A Decade-Long Liaison by Erin Somers: The Midlife Adultery Tale This Era Deserves.
Within the novel by Erin Somers A Decade-Long Liaison, we meet a millennial mother named Cora, a woman in her prime who craves a bygone kind of passion with a man of a different time. Sadly, for Cora, morality in 2015 is inflexible and jaded, so rather than embarking on the affair, Cora devotes 10 years obsessively analyzing it, daydreaming of it and discussing it with the object of her desire, Sam – a playgroup dad who holds the title “chief storytelling officer” at a fintech company. The book positions itself as a comic take on the traditional tale of infidelity and a sharp satire of a narrow, self-conscious group of economically slipping New Yorkers. One could call it the definitive narrative of middle-aged unfaithfulness this current cohort deserves: a propulsive, witty takedown of insufferable hand-wringers who’ve managed to ruin even sex.
A Portrait of Self-Satisfied Discontent
The central couple, Cora and Eliot are highly educated, somewhat arrogant former city dwellers who, with rents rising and children growing, have moved reluctantly to the suburbs. Trapped by the “gruelling all-the-time-ness” of parenthood, they have office careers, two children, and an ongoing fungal issue growing under their bathroom tiles which they cannot afford or muster the will to fix. Their social circle other smug, overeducated Brooklynites who have fled the city to drink negronis from rustic glassware and critique one another closer to nature. Yet Cora's isolation here, it’s not because her fussy, lifeless lens but because her new neighbours are “boring and self-absorbed, duller and vainer than they were back in the city”.

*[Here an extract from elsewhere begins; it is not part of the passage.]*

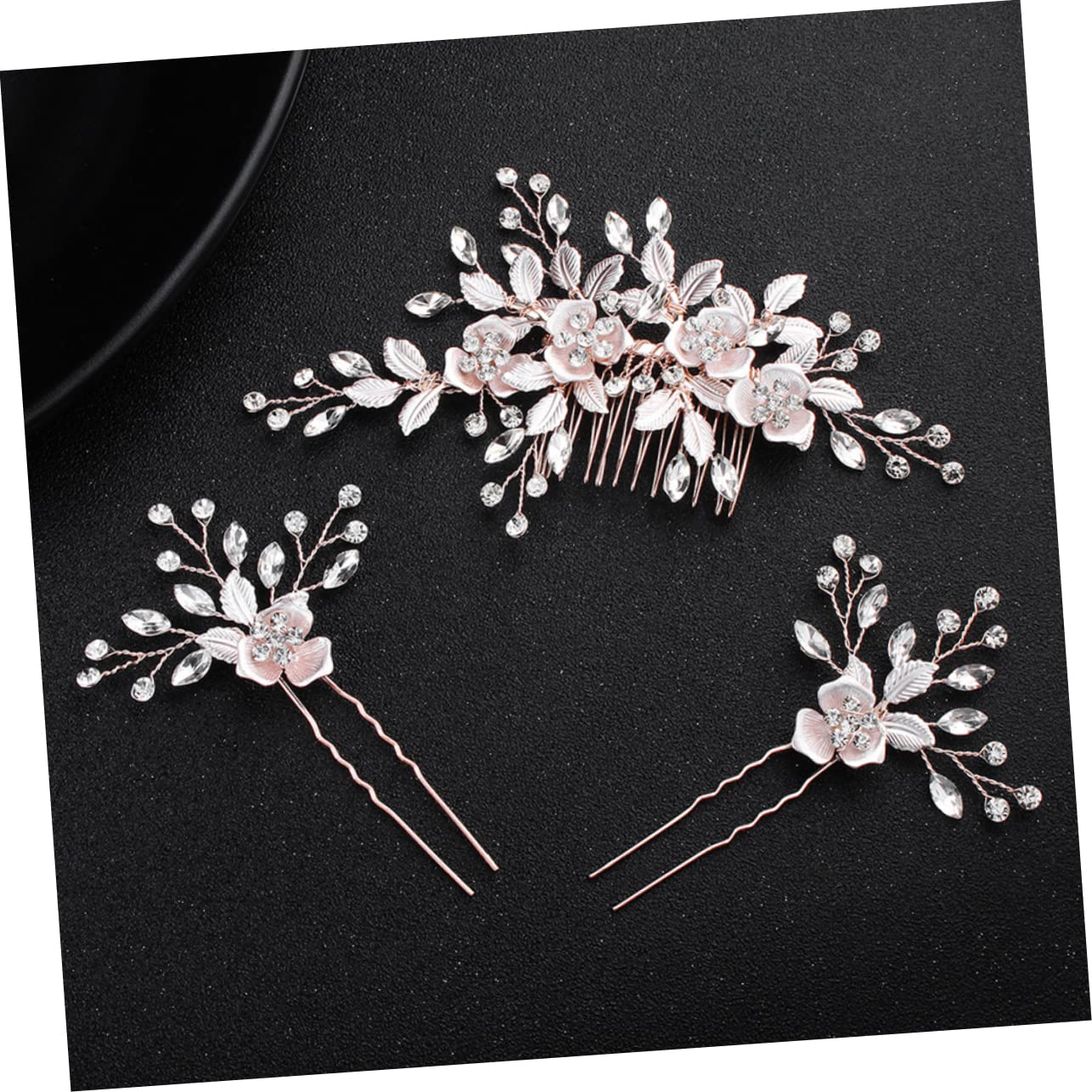 Healeved Lot De 3 Accessoires Pour Cheveux De Mariage Pinces À Cheveux Épingles À Cheveux Peignes Pour Enterrement De Vie De Jeune Fille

Her husband Eliot remains high-minded and oblivious. He snacks casually while she cleans vigorously and states he has no desire to own her. Cora imagines herself trying to survive a rustic life together, washing clothes on a stone while he forages for mushrooms. She longs for drama, some moral abandon, a partner who will plead, and adore, and “express raw admiration for her prowess”.
"The shabbiness of real life, you had to admire its consistency."
The Problem of Over-Intellectualized Desire
The central conflict is that Cora is just as intellectually constrained as her husband, and unable to surrender to primal passion. She finds it "an overwhelming request to feel fervor" (regarding her career, she says, but in truth, about all aspects of life). Her feelings for Sam are “tepid, barely beyond simple fondness”. She craves “to get fucked into the astral plane and not think about her life for a second”. Yet, for a decade, Sam demurs while Cora pines. She imagines a parallel reality alongside her real life, where instead of bills and school pickups, she has passion, luxury, and her imagined lover. When her fictional romance fizzles, her mind conjures “a Gallic character called Baptiste” who teams up with Sam in assisting her from the tub, “leaving her with no duties, no responsibilities, no requirements, except to be worshipped as a youthful bride, tragically lost to illness”.
A Disappointing Conclusion and Deeper Themes
When they finally do give in to temptation, the sex is sad, lacking in fun or mutual connection. It fails to be the nostalgically perfect affair she fantasized about for 10 years. Cora puts on an alluring gown and Sam “stoically eat[s] her out in their hotel room” prior to a meal. One imagines that Cora desires to inhabit a certain type of literary world, where sex is sordid and confusing, where imbalances of control exist, and everyone misbehaves, and no one tallies the cost.
Throughout the novel the root of Cora’s problem: she possesses a sharp tongue, but so little joy. Regarding an intimate picture from Sam, Cora complains, “he has clenched his abs and made sure he was hard, but has not cleared the frame of Crocs”. Given that the catalyst that killed their fun was parenthood, readers may fret about what these idiots are doing to their children. As her daughter inquires about sex, the parents stumble. They start with babies then acknowledge that sex serves other purposes. The father references male anatomy then concedes that one isn’t required. Ultimately, he settles for, “you know genitals?”
Underpinning the narrative runs the subtle undercurrent of familiar middle-age questions: do our lives have meaning? Where do we go after death? These themes are more directly explored in Cora's internal dialogues. Reading these exchanges, one wonders what lesson Cora and her cynical lot would derive from their unsatisfying escapades. Would Cora grow more receptive of life’s flawed pleasures, its corny pleasures? When Eliot asks about her affair during an audio program on bondage, Cora thinks “all meaningful communication is compromised by specific context”. Some might say enhanced. But that’s not Cora, and Somers doesn’t give her character false epiphanies, or stretch her where she is unable to go.
An Ultimate Assessment
The result is a razor-sharp, uproariously funny, finely observed novel, written with devastating precision. It is profoundly self-aware, spare and brimming with subtext: a depiction of an anxious, loin-girding generation in middle age, chronically embarrassed, simultaneously terrified of and hungry for intense experience. Or maybe that’s just the New Yorkers. Let’s say it is.